Now, the authority has decided to reject the ruling and take the case to a tribunal.

The council bought the club in 2006 for £7m and spent another £1.2m on taxes and a further £2m doing it up.

And the authority was, as of February 2022, understood to be trying to sell the club for just £2m.

The club has been discussed by councillors at several meetings which the public have been banned from, on the grounds of commercial confidentiality.

It was the details of these discussions, along with the club’s annual rental income over the last decade, which Mr Birt requested in January 2021.

The councillor said Breckland’s decision to appeal against the ruling was “most disappointing” and “feels very much like a delaying tactic”.

“The decision notice issued by the ICO is very clear, there is nothing ambiguous, so I wonder what Breckland's barrister has advised."

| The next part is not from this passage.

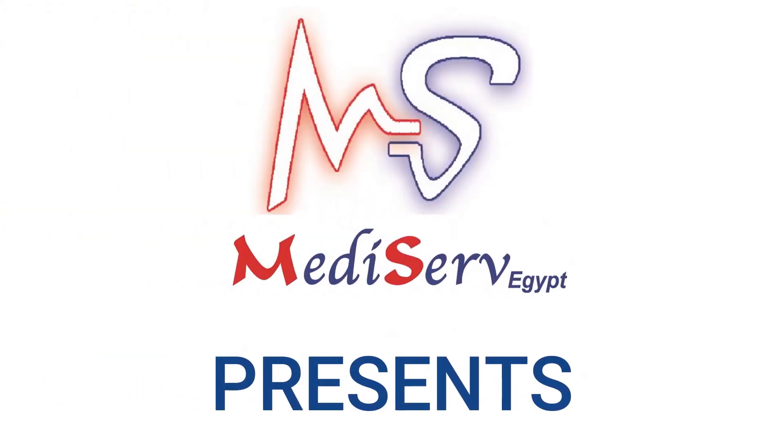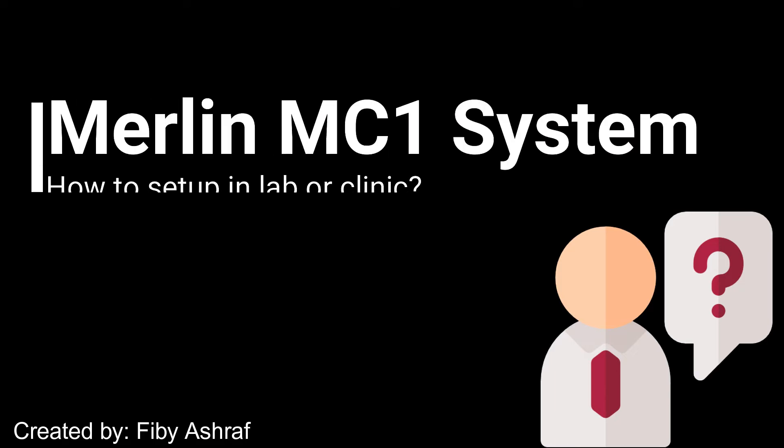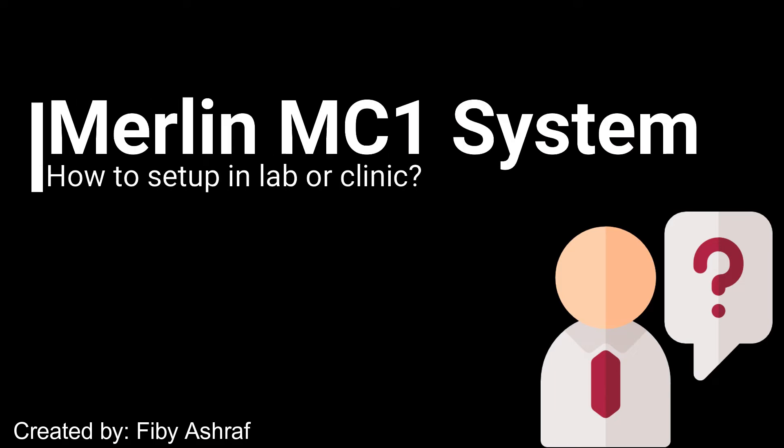MediServe Egypt Company Presence. How to Set Up Merlin MC1 in a Laboratory or a Clinic.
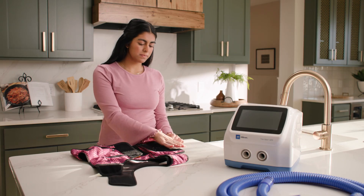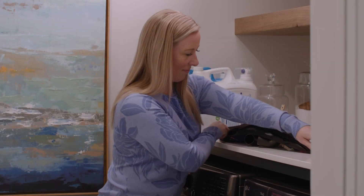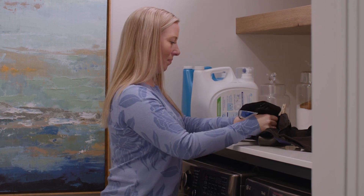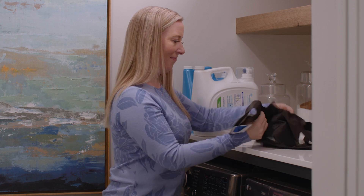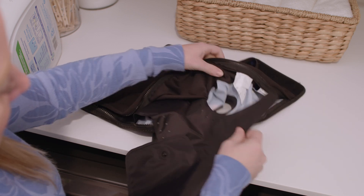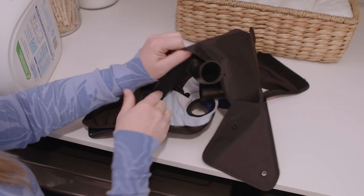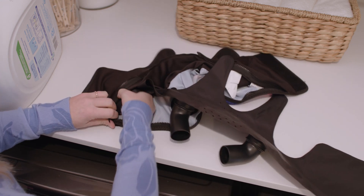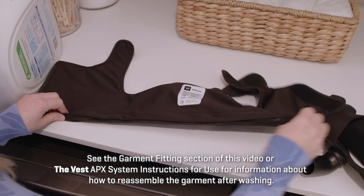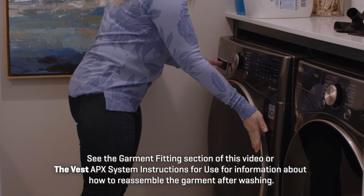To clean the outer garment, first use a piece of clear tape to remove any lint and fluff caught on the Velcro brand closures. Only wash the outer garment after the bladder has been removed. We recommend reconnecting the Velcro brand closures on the shoulders and sizing panel before washing to help maintain the quality of your garment. You can hand wash the garment or machine wash it in a cold cycle only with detergent. Do not machine wash or dry the bladder. Hang or tumble dry the garment on your dryer's lowest temperature. Cool iron as necessary, but do not iron the logo design. See the Garment Fitting section of this video or the Vest APX system instructions for use for information about how to reassemble the garment after washing.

He added that the move appeared to go against the so-called 'Nolan principle' of taking decisions in an open and transparent manner.

“This is supposed to be the default and yet I have had to fight every inch of the way against a council who have effectively unlimited resources to resist.

“I wonder how much the barrister cost and how much taking this to a tribunal will be. Is this good use of public money?”

A Breckland Council spokeswoman said the information "has not been made public because we firmly believe that releasing commercially-sensitive information is likely to damage the business of the tenant, could negatively impact the local job market, and may be detrimental to the council’s own commercial interests which in turn will adversely affect the public purse".

She added: "We respect the role of any independent body. However, we have appealed the initial decision as we do not agree with the interpretation of the information, and the appeals process is there for situations such as this.”